Posted Jun 4, 2009 23:05 UTC (Thu) by caitlinbestler
Parent article: Xen again
Actually Dom0 is not "the hypervisor portion of the Xen System", it is the
hypervisor designated default owner of devices.
To be even more precise, Device Domains (or DomDs) are the owners of
specific devices. Dom0 is the traditional and default DomD.
The separation of Device control from *the* hypervisor is one of the key
strengths of the Xen architecture because it keeps the true Hypervisor (on
which *all* other kernels rely) very stable. I suspect at least part of
the opposition to "Xen Dom0" is not actually about "Dom0" but to the
fact that the Xen Hypervisor is *not* Linux.
But focusing on what DomDs/Dom0 really requires the following pieces:
- The actual/native device driver(s).
- The "backend" drivers that support the Xen "frontend" drivers.
- Glue to connect the backend drivers to the actual drivers.
- The ability to configure that glue, preferably from user mode.
There is no particular reason why a Device backend has to be implemented
in Linux. But Linux is particularly inviting for reasons #1,#3 and #4.
Especially reason #1.
Understood, the "ABI" question is really a distraction. It is actually
the Backend drivers that have stable ABIs, not Linux. The fact that Linux
insists that kernel modules count as "Linux" is a Linux issue. People who
develop those modules would really rather be free to follow their own
coding standards, etc. Being GPL and following coding standards is
reasonable, but having your module's interfaces being viewed as though
they were Linux interfaces is a totally different issue.

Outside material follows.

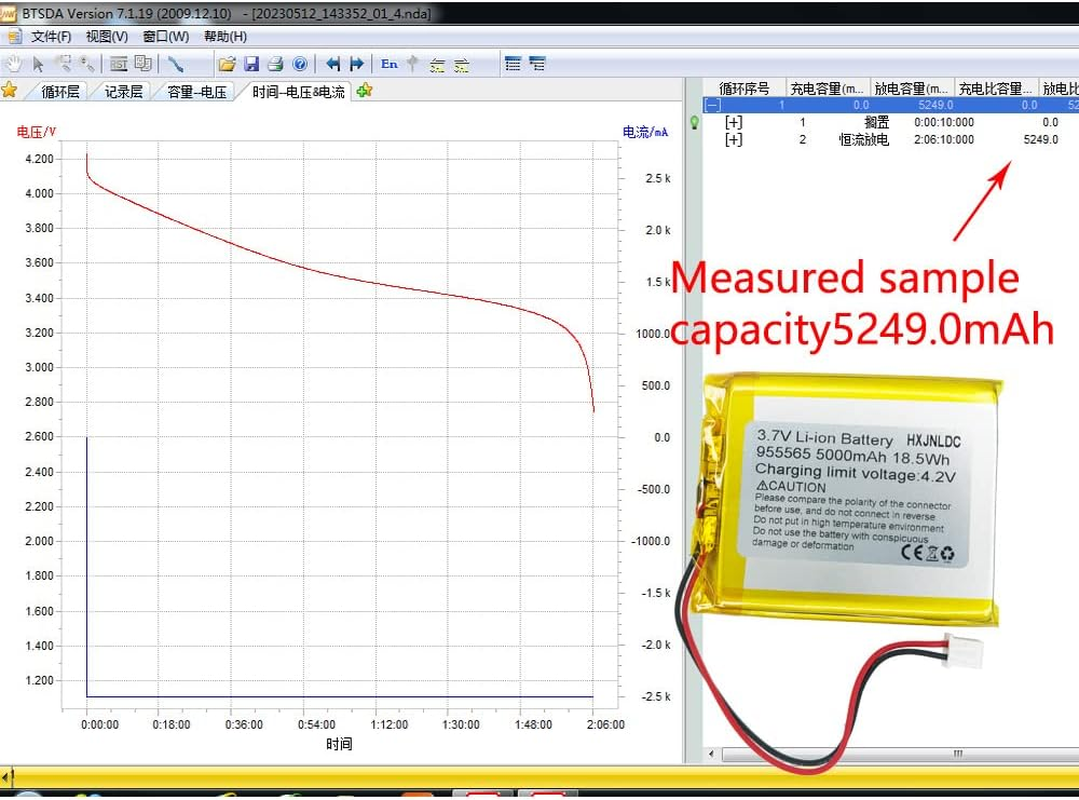 DC 3.7V 5000Mah 955565 Rechargeable Lithium Polymer Battery, Suitable for DIY 3.7-5V Electronic Products with Built-In 2-Wire Battery Replacement and LED Lights image number 1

So the real question is what kernel capabilities do backend modules
truly need, and are these legitimate generic capabilities rather than
Xen inflicting itself on the kernel?
Ultimately these relate to the ability to communicate with other Virtual
Machines through shared memory and delegation of PCI functions and MSI-X
interrupts. If you accept the concept that a non-Linux Hypervisor may
partition a machine into physical machines, then is there any legitimate
reason why mainline Linux should not be usable for Device controlling
Rejecting this application of Linux because Linux would rather also be the
Hypervisor strikes me as taking your baseball home because the team wants
somebody else to pitch. The true spirit of Open development would allow
users to decide on Hypervisor versus Device Control separately
rather than forcing them to lock the two decisions together.